Here is a picture I drew yesterday at a study group. I was bored.

7/20/09

Hell Pit and working for the KGB

Well I have finally got 3 days left of school. So what am I doing tonight? VEGGING! Last night I didn't fall asleep till 6 am. That's right you heard me. 6 am. What time did I get up? 8 am. Yes 2 hours of sleep and I've surprisingly made it through the day. I did sprain my foot though I think. Don't worry Satan just jumped in front of me and put a HUGE hole in the ground causing me to scream like a little girl in pain. Joy of joys. So yeah. I've got a test tomorrow and I'm hoping to do a lot of work on my American Lit essays tomorrow. I've done 1.7 of 4 so maybe I could even finish them tomorrow....NAHHHHH. ehehehe. So today I applied for a job at KGB. Melissa and I were talking about how great it would be to work at Cha Cha and I was like well KGB is kinda the same thing so I went to go check it out. After taking the challenge thing about 8 times (the 7th I got 100% on all but the last, I almost cried) I finally passed. So who knows, I might be working for them soon! Fingers crossed. I should hear in the next 5 days. I had a really great day in retrospect...well besides almost being eaten by a hell pit and pretty much being in a coma all day. So I know this blog really hasn't been about art lately. What I've noticed on my fight to find that art in everyday life is that everyday is art! Every single day you laugh, cry, talk, breath, see, is full of art. Now the trouble is identifying and finding it every day. So the more I think about and write about my life the more art I will see. Here are some happy quotes I found, don't know any of the authors sorry!

finish each day & be done with it.you have done what you could.some blunders & absurdities have crept in ;forget them as soon as you can.tomorrow is a new day you shall begin it serenely & with too high a spirit to be encumbered with your old nonsense.

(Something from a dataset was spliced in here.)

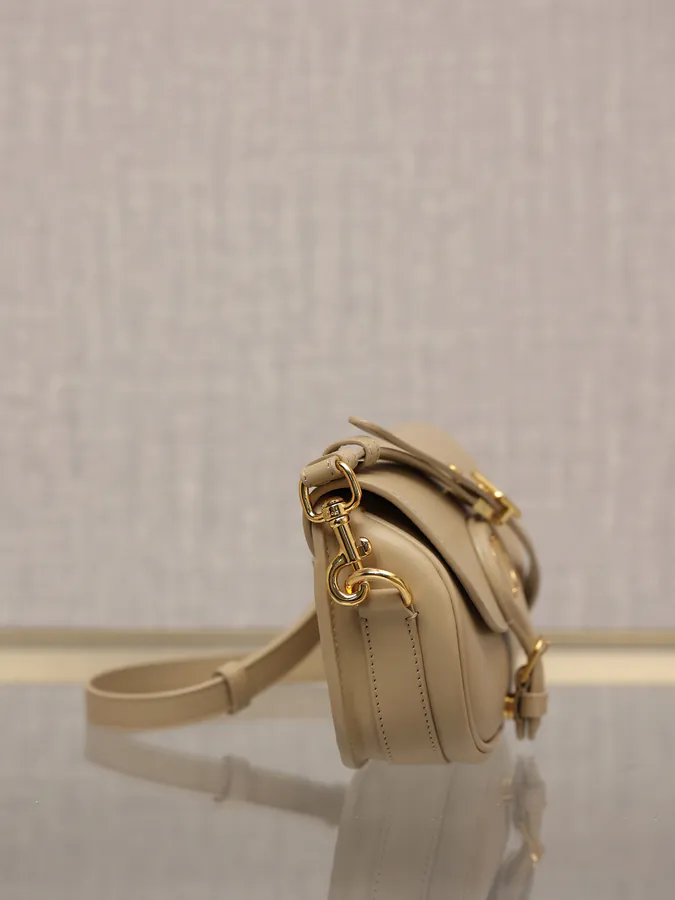 Bobby East West Handbag Natural Gray Gloss Calfskin, Exclusive Channel,腋下包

live life fully while you're here.experience everything.take care of yourself & your friends.have fun, be crazy, be weird.go out & screw up.you're going to anyway,so you might as well enjoy the process.take the opportunity to learn from your mistakes ;find the cause of your problem & eliminate it.don't try to be perfect ; just be an excellent example of being human.
i have to trust my instincts & let go of my fear & regret.if it was meant to happen, it'll happen.fate has it's funny ways. it's a matter of time & the right moment.fate exists but it can only take you so far cause once you're there it's up to you to make it happen.
they say people don't change.who you are is who you'll always be.maybe we don't change on our own.i think it is that we change because of the things that happen in our lives,& the way we react to them.
cute guys are amazing.not the super sexy guys, who are too shallow even for themselves.but the ones who are sort of clumsy, & dorky at times.who are always sorta sweet.they are the ones worth keeping.
you are every reason, every hope & every dream that I've ever had.& no matter what happens to us in the future, every day i spent with you was the best day of my life.
being a strong person means knowing that in the end, everything is going to be okay.& if something is meant to be, then you have to know ;no matter what, it'll find a way.
faith does not require understanding.most of us don't know how the respiratory system works,yet we still breathe in & out.most of us have no idea what is going on underneath the hood of our cars,yet we still drive to work every morning.most of don't have the slightest clue how the Internet works,but we rely on it everyday to get work done.in everything we do, life requires a little bit of faith
she took down all her old pictures, & now her wall is empty.it's not that she's ready to forget everything in the past..she's just realizing it's time to move on.she's not going to replace the memories,but she's going to make new ones, better ones.
maybe our old wounds teach us something.they remind us where we've been & what we've overcome.they teach us lessons about what to avoid in the future.that's what we like to think, but that's not the way it is, is it?some things we just have to learn over & over & over again.

7/19/09

If it hadn't been for you guys I wouldn't be standing right now.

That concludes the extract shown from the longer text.